Los Angeles Times

Newly found world is just down the block

Researcher­s detect signs of a cold planet orbiting a star only six light-years away.

- DEBORAH NETBURN deborah.netburn @latimes.com

An internatio­nal team of astronomer­s has detected evidence of a cold planet at least three times the size of Earth orbiting an ancient red dwarf star, right in our stellar neighborho­od.

If you were traveling at the speed of light, it would take you just six years to reach it.

In the context of the universe, that’s basically right next door.

The newly discovered world, described this month in Nature, is associated with Barnard’s Star, a small, dim star that is older than our solar system. It takes the planet 233 days to complete a single orbit around its cool red sun.

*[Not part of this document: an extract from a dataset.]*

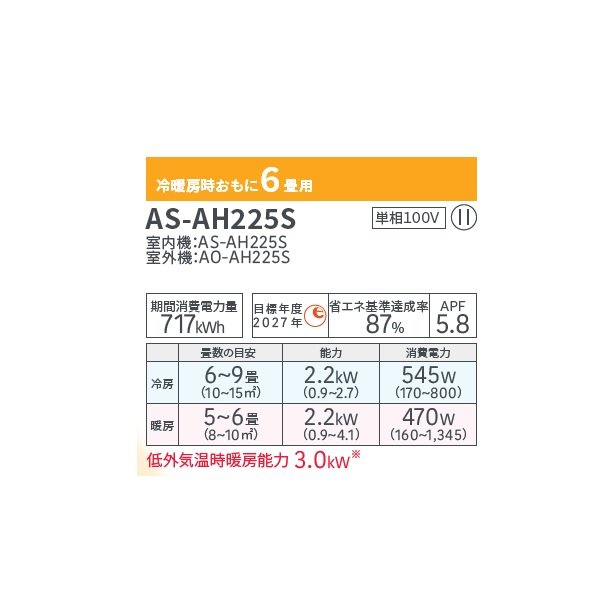 画像2: 富士通 AS-AH225S エアコン 6畳 ルームエアコン AHシリーズ ノクリア 単相100V 6畳程度 ホワイト (AS-AH224Rの後継品) ♪♭ (2)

It is now the secondclos­est known planet to our solar system.

The only closer known planet is an Earth-sized body that orbits the small red star Proxima Centauri in the Alpha Centauri triple star system. That planet was discovered in 2016 and lies just four light-years from Earth.

The planet around Barnard’s Star is probably too cold to host life, researcher­s said.

Although it is about as close to its own star as Mercury is to the sun, scientists say it is probably as cold as Saturn. That’s because Barnard’s Star emits only 0.4% of the sun’s radiant power.

But the new discovery is exciting for other reasons.

The proximity of the newly found planet to Earth makes it an excellent target for future observatio­ns. It is so close that the next generation of telescopes may be able to image it directly, the researcher­s said.

In addition, the new find provides further evidence that planets are nearly ubiquitous around red dwarf stars, said Ignasi Ribas, an astronomer and director of the Institute of Space Studies of Catalonia in Spain, who led the work.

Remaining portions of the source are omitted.